> _Exercise objective_
Every record below should be written out exactly; pictures stay out.

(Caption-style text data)
^^^^^^^^

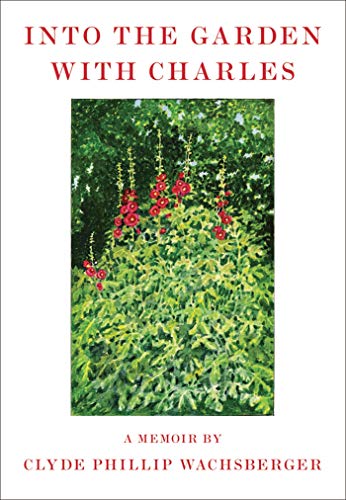 cover image Into the Garden with Charles: A Memoir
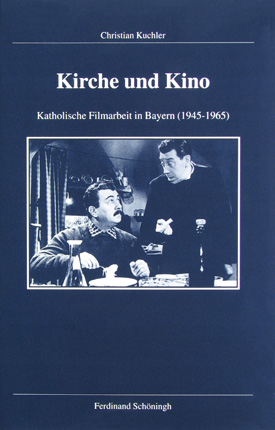 Christian Kuchler: Kirche und Kino. Katholische Filmarbeit in Bayern (1945–1965). Christian Kuchler: Kirche und Kino. Katholische Filmarbeit in Bayern (1945–1965).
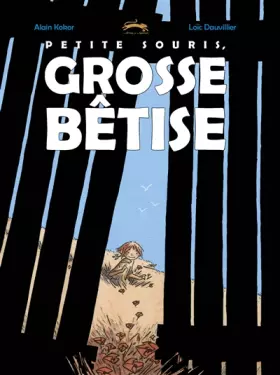 Couverture du produit · Petite souris, grosse bêtise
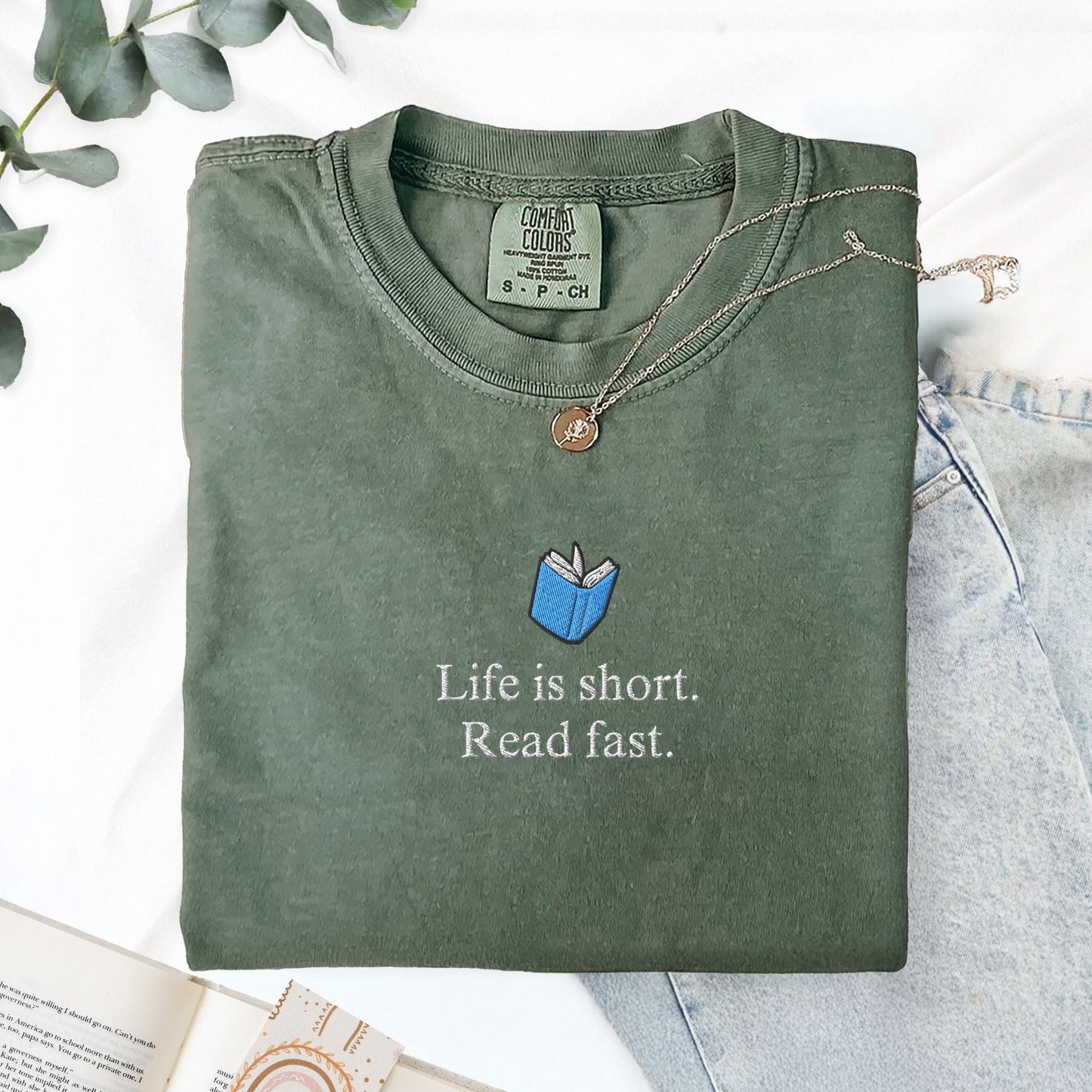 Pine Spice Books Life Is Short Read Fast Embroidered T-Shirt Life Is Short Read Fast Embroidered T-Shirt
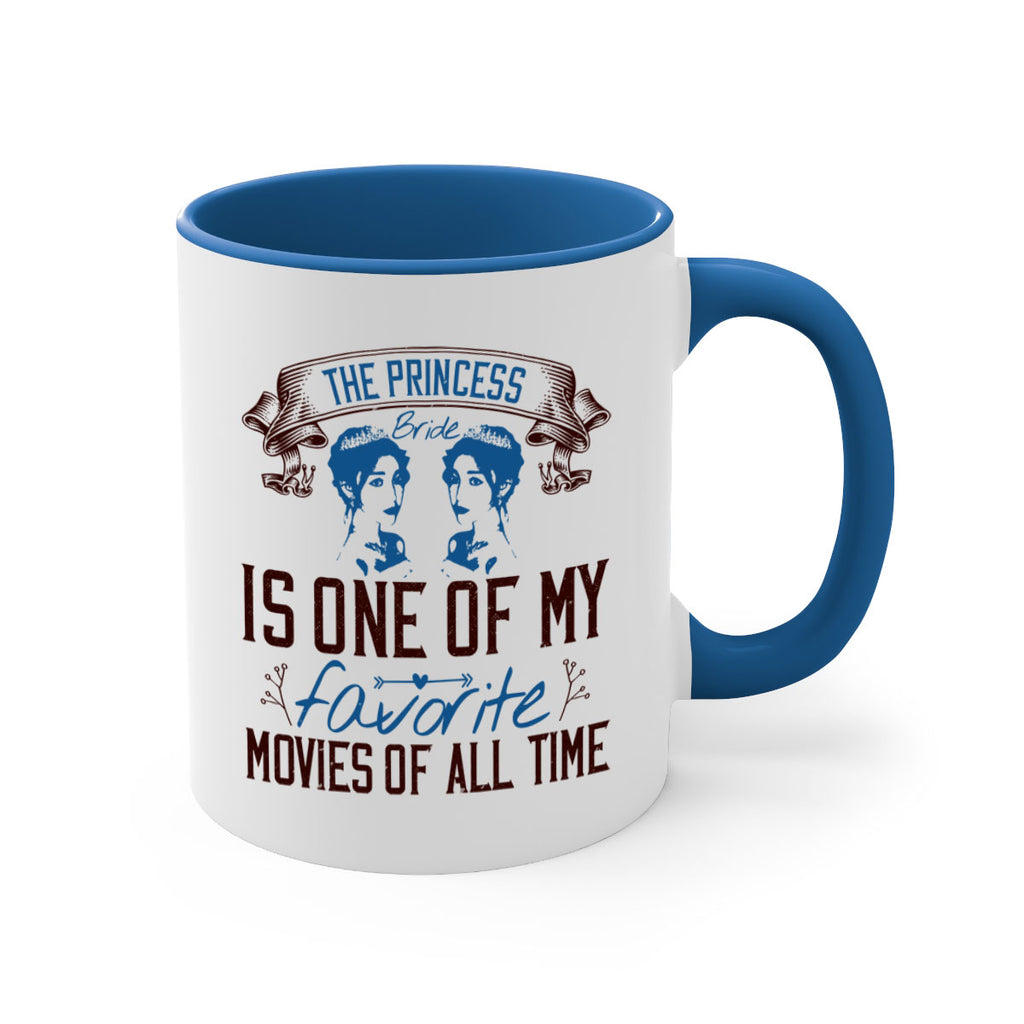 The Princess Bride is one of my favorite movies of all time 24#- bride-Mug / Coffee Cup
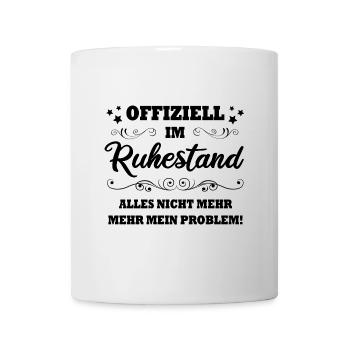 Offiziell Ruhestand alles nicht mehr mein Problem - Tasse - Weiß - Vorne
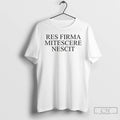 Classic Res Firma Mitescere Nescit Ringer T Shirts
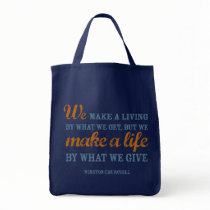 We make a life by what we give tote bag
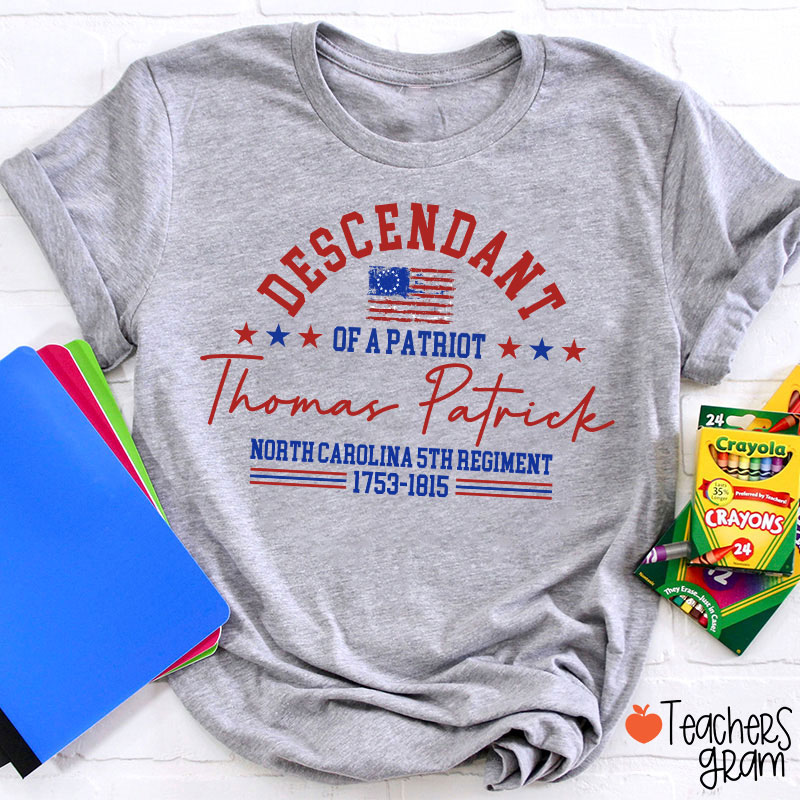 Personalized Descendant Patriot Teacher T-Shirt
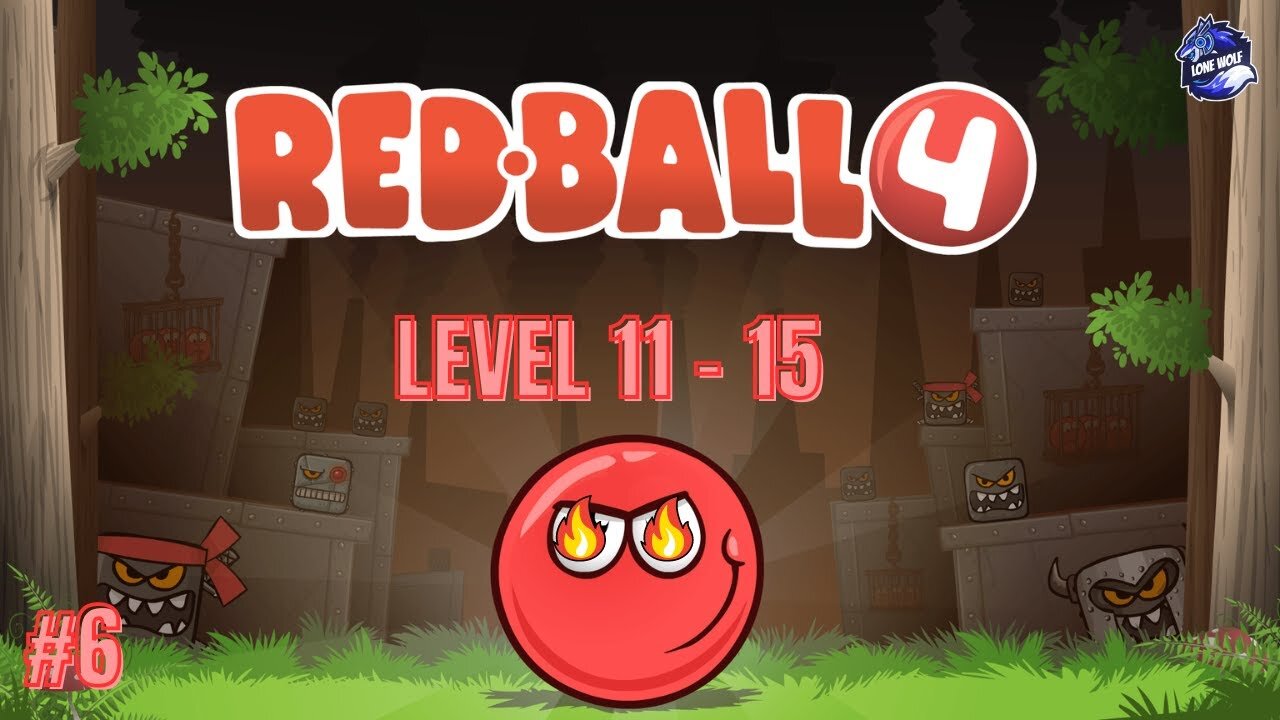 Red Ball - 4 | Part - 2 | Level 11 - 15 | Bounce | Lone Wolf | @lone_wolf_plays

^^^^^^^^

> _The completed task_
 cover image Into the Garden with Charles: A Memoir
 Christian Kuchler: Kirche und Kino. Katholische Filmarbeit in Bayern (1945–1965). Christian Kuchler: Kirche und Kino. Katholische Filmarbeit in Bayern (1945–1965).
 Couverture du produit · Petite souris, grosse bêtise
 Pine Spice Books Life Is Short Read Fast Embroidered T-Shirt Life Is Short Read Fast Embroidered T-Shirt
 The Princess Bride is one of my favorite movies of all time 24#- bride-Mug / Coffee Cup
 Offiziell Ruhestand alles nicht mehr mein Problem - Tasse - Weiß - Vorne
 Classic Res Firma Mitescere Nescit Ringer T Shirts
 We make a life by what we give tote bag
 Personalized Descendant Patriot Teacher T-Shirt
 Red Ball - 4 | Part - 2 | Level 11 - 15 | Bounce | Lone Wolf | @lone_wolf_plays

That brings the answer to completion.